Bir diğer husus da, Sayın Hüseyin Aygün orada bize yönelik bir eleştirisini de dile getirdi. Ben Sayın Aygün’ün bugünkü konuşmasını çok olumlu bulduğumu ifade etmek istiyorum. Umarım ki kendi grubunu bağlayan bir konuşma yapmıştır.
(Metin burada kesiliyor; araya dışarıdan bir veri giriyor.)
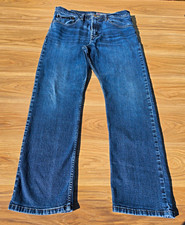 Wrangler Men’s Slim Straight Blue Medium Wash Stretch Denim Jeans Size 34 picture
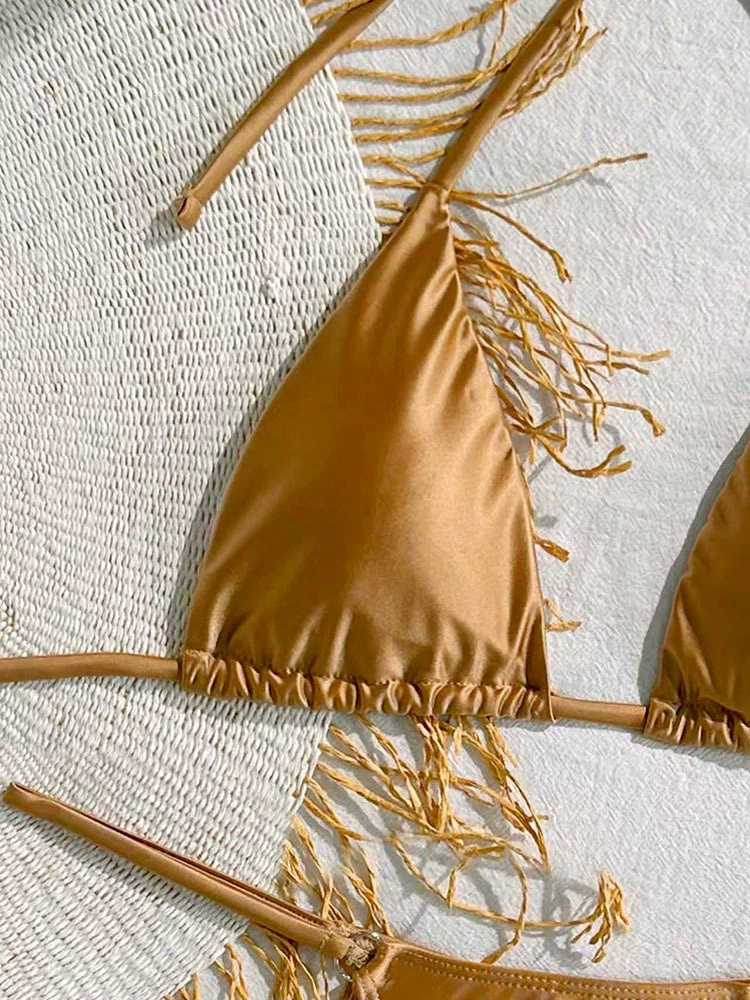 Women's Halter Triangle Thong Bikini Set view 4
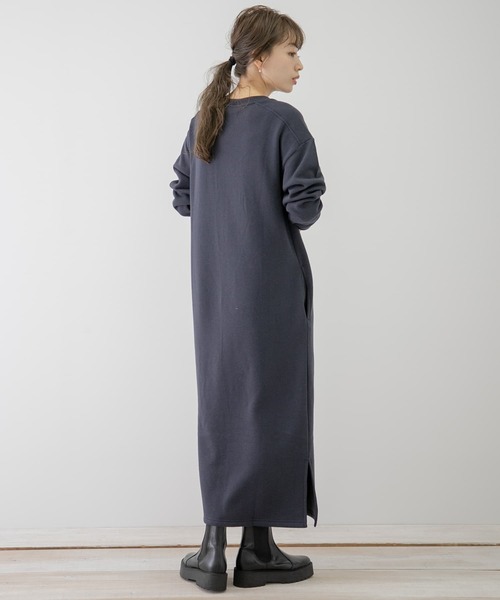 URBAN RESEARCH Sonny Label（アーバンリサーチサニーレーベル）の「【WEB限定】ハリスツイードポケット付きスウェットワンピース（ワンピース・レディース・ネイビー/ブラウン/カーキ・FREE）」の12枚目の写真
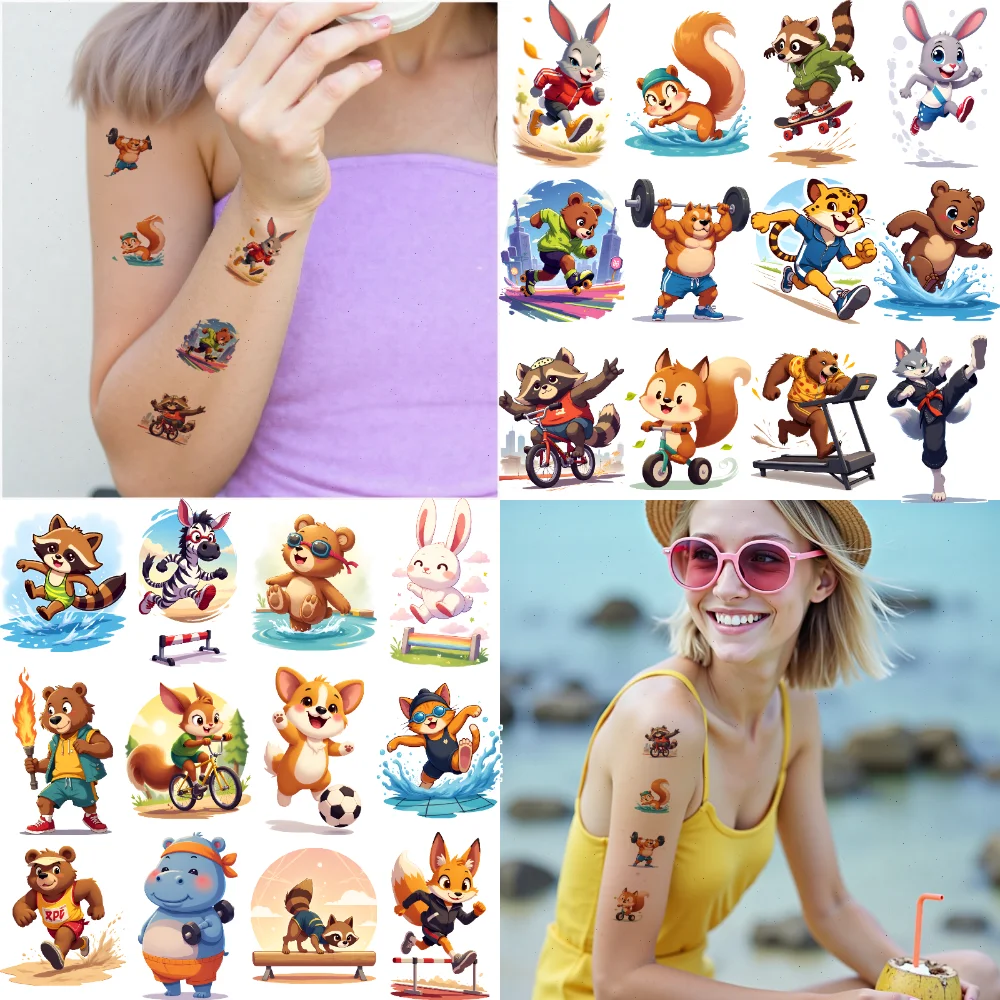 

63pcs Temporary Tattoo Decorative Stickers Anime Animal Stickers Temporary Tattoo Stickers For Arms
Eğer öyleyse çok olumlu karşılarım çünkü bu kürsüde bütçe görüşmesi sırasında bile bize Dersim katliamıyla ilgili cevap veren Cumhuriyet Halk Partisinin sayın grup başkan vekili “Bizim nezdimizde Seyit Rıza’nın ve cumhuriyete başkaldıranların bir itibarı, değeri yoktur.” noktasındaydı. Bu yönüyle eğer Cumhuriyet Halk Partisinde grup olarak bir tutum değişikliği varsa bunu olumlu buluruz ve hakikatlerle yüzleşme noktasında da gerekli olan birlikte çalışmayı da ortaya koyarız.

Teşekkür ederim.

BAŞKAN – Evet.

HÜSEYİN AYGÜN (Tunceli) – Sayın Başkan…

BAŞKAN – Sayın Aygün…

HÜSEYİN AYGÜN (Tunceli) – Sayın Başkanım, açıklamamı oradan yapsam?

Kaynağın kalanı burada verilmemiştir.